A matter of your experience. Its not something that happens to me or anyone I know personally. Even using a less newbie friendly distro (I use Manjaro) its very rare.

I have not tried Fedora for many years, but the last time I did it was not a particularly easy distro to use. It is also a test distro for RHEL and Centos so should be expected to be a bit unstable.

> It's that deeply ignorant attitude instead of acknowledging all these years of clusterfuck after clusterfuck of GUIs, desktop envs, underlying tech changes (Xorg, Wayland) and myriads of confusing package distribution choices (debs, rpms, snaps, flatpaks, appimages and so on)

Most of which is hidden from the user behind appstores. The only thing non-geek users need to know is which DE they prefer (or they can let someone else pick it for them, or use the distro default).

Even a user who wants to tinker only needs to know one of the distribution formats, one desktop environment. You are free to learn about more, but there is absolutely no need to.
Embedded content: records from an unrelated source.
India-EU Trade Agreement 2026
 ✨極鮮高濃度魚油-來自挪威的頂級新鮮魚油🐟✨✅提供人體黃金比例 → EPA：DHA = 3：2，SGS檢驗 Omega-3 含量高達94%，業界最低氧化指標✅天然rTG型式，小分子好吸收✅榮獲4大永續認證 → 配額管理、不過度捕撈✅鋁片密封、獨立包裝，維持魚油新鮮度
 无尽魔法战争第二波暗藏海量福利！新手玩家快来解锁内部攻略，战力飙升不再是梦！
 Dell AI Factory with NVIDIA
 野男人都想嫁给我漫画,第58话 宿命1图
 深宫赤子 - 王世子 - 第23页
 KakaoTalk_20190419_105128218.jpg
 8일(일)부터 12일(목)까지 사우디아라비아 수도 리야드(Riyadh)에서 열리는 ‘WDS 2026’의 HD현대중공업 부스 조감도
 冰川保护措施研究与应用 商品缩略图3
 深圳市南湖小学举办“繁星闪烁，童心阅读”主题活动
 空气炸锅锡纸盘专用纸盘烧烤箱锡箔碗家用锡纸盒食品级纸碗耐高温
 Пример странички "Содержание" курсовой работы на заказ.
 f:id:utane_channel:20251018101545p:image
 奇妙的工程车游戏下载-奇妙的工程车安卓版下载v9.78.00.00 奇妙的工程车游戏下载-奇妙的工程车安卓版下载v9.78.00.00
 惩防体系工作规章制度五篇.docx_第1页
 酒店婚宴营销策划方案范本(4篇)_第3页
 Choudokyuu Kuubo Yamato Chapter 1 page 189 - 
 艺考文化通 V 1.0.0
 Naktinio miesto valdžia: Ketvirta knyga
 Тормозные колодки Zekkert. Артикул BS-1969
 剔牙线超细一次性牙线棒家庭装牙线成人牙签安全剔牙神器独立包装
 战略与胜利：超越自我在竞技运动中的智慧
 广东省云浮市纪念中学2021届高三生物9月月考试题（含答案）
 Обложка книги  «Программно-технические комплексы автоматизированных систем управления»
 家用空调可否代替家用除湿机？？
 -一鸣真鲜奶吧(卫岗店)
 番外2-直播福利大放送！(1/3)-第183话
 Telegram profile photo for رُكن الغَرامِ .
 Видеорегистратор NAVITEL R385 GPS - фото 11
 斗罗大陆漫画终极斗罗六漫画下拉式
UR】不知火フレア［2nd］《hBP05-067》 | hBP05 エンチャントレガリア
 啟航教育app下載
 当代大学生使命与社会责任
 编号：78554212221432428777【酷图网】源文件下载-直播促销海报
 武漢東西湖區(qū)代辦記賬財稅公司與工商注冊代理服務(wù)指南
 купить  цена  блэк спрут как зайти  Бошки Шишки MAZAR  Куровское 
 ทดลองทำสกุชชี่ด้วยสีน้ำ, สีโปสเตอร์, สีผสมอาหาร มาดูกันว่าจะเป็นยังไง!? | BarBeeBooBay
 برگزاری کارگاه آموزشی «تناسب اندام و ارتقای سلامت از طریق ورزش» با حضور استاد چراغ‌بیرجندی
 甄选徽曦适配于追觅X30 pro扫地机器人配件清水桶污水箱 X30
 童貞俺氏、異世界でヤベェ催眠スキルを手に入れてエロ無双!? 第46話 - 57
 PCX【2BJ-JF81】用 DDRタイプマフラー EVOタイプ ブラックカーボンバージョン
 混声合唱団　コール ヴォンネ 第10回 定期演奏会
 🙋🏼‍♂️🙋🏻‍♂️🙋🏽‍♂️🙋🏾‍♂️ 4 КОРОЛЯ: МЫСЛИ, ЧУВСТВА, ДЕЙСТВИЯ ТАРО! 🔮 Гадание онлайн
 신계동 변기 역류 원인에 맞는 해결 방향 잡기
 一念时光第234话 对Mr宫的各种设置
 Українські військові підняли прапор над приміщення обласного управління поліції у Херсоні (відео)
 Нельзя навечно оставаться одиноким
You also need to learn these if you use WSL or some other container.

> You need a reality reset if you think getting used to Linux is a qualifier to making great software.

What I said is that the ability to cope with the tiny learning curve to adjust to a different desktop look and feel is a disqualifier for for being a developer.

Every non-technical user who switches from Windows to MacOS does it, so its very odd it is a barrier for a developer.